Broadly defined psychobiology is a wide field of scientific
endeavor, which bridges the artificial divide imposed by the
Cartesian philosophy of things of the mind and things of the body.
Starting in the early decades of the 20th century, mind-body
research developed new avenues of understanding in Western science.
It became increasingly clear that processes attributed to the
psyche, including emotions, cognitions, memories, and
personalities, had important effects upon physiological events,
could disrupt homeostasis, determined and controlled allostasis,
and arose, in fact, from biological phenomena driven by cell
biology, biochemistry, genomics and, in a larger sense,
interactomics. In brief, psychobiology reunited, at last, the
sciences of psychology and physiology. Current advanced research in
psychobiology proffers a new perspective on human and animal
behavior, with cognitions, emotions, and traits describing the
interaction between biological systems and behavior.
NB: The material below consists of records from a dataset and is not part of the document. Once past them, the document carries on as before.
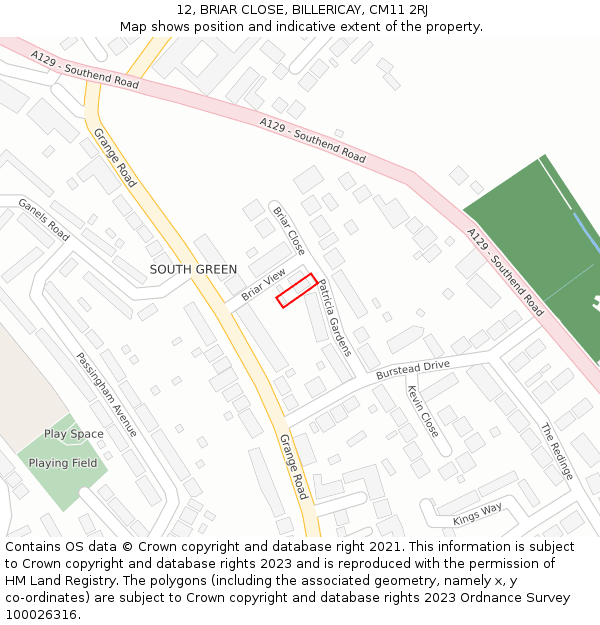 12, BRIAR CLOSE, BILLERICAY, CM11 2RJ: Location map and indicative extent of plot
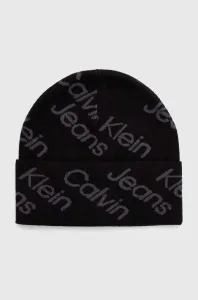 Bavlněná čepice Calvin Klein Jeans černá barva, z tenké pleteniny #5476419
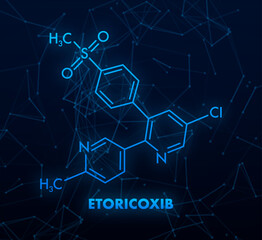 Etoricoxib concept chemical formula icon label, text font vector illustration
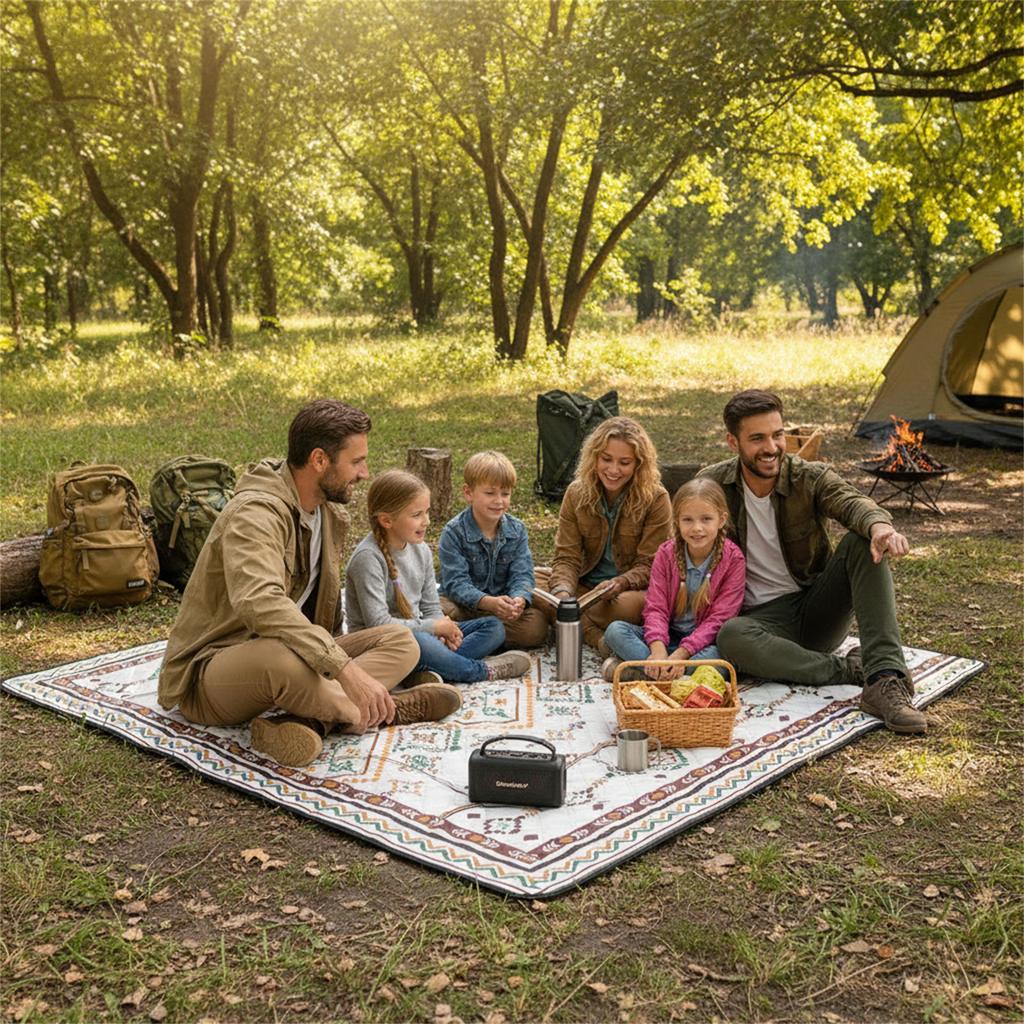 Camping Ground Mat With Ultrasonic Welding Technology Waterproof Foldable For Outdoor Use
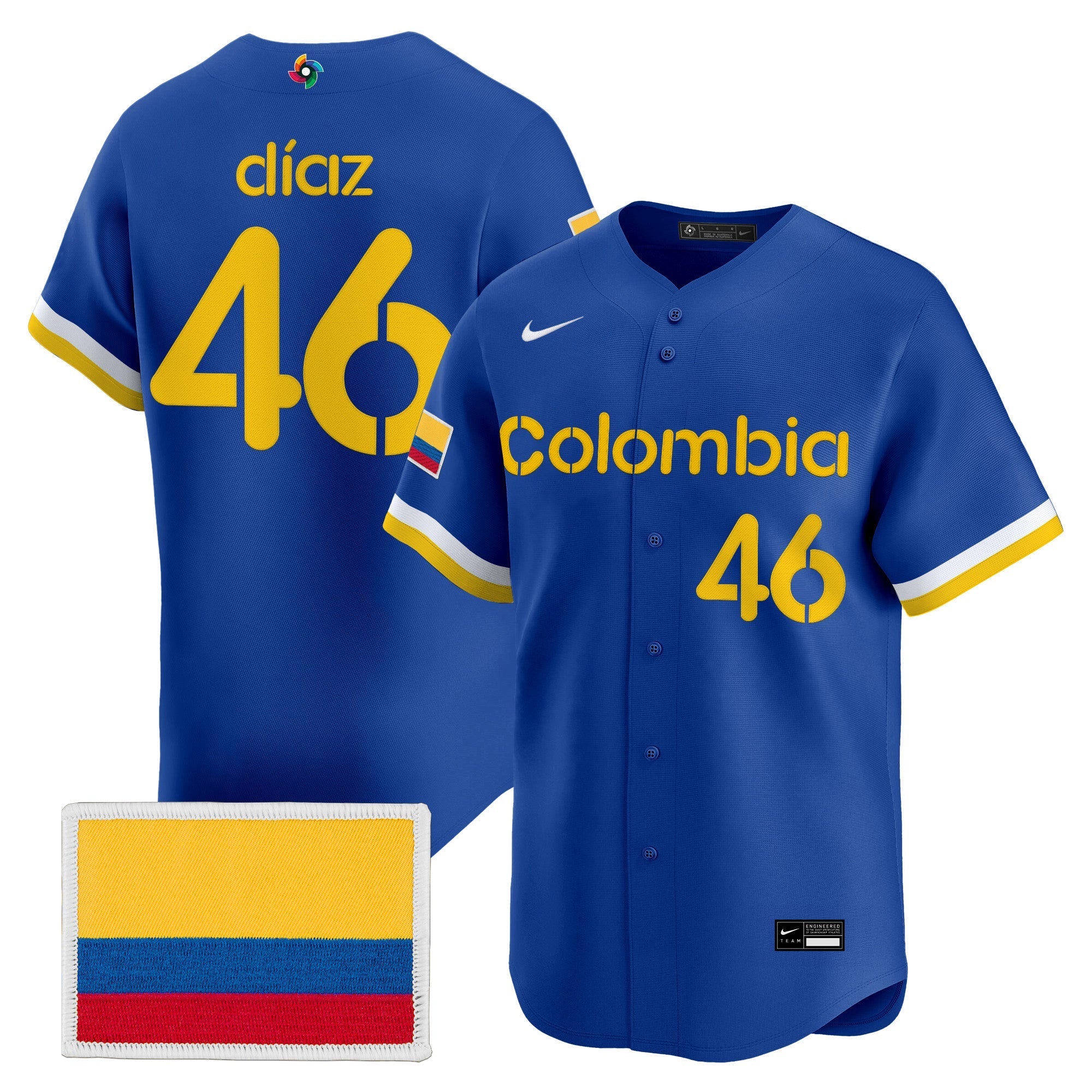 Team Colombia 2026 World Baseball Classic Vapor Premier Jersey - Stitched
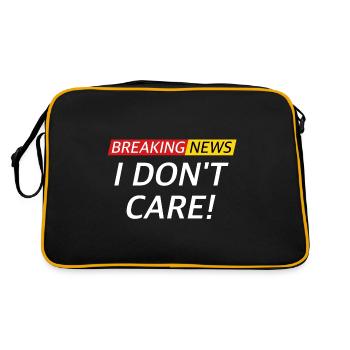 I don't care, news funny sayings - Retro Bag - black/gold - Back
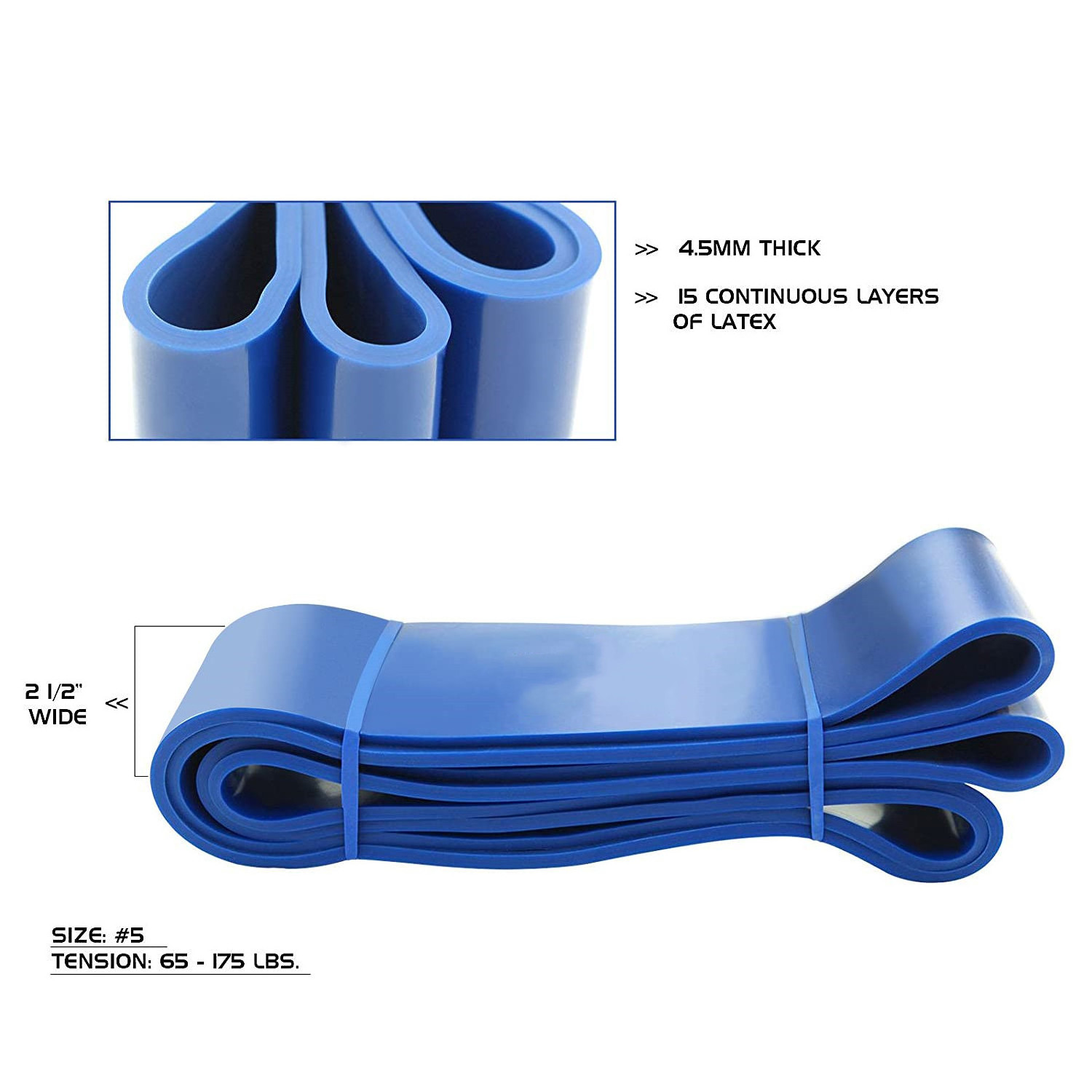 High Quality Blue Natural Latex Elastic Fitness Bands High Loop Resistance for Pull-Up Assist Power Strength Training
Today, novel
frontiers in psychobiology research encompass how cognition (what
we are thinking) and mood (how we are feeling) combine with,
determine and are engendered by biological events. The superb
chapters that compose this book are written by the premier
internationally and most renowned psychobiologists in the world at
this time. They examine several of the most important domains of
psychobiology research today: from a novel conceptualization of
stress in the context of the person-environment fit model, to the
modulation of immune surveillance by perceived stress, the
alterations of cognition by pharmaceutical use and over-use, as
well as from athletic training or ionization poisoning to,
ultimately, the brain-gut interaction. The role of functional MRS
in the study of advanced research questions in psychobiology is
also discussed in depth. Taken together, this collection of
chapters make this book on advanced psychobiology both timely and
critical. Expectations are that future research development in
psychobiology, as the field continues to advance, will continue to
strive to understand how psychological and biological connections
shape the human experience. Psychobiology will increasingly provide
a uniquely new perspective in psychology on the one hand, and on
the other hand, in biology along several of the dimensions
proffered in this book.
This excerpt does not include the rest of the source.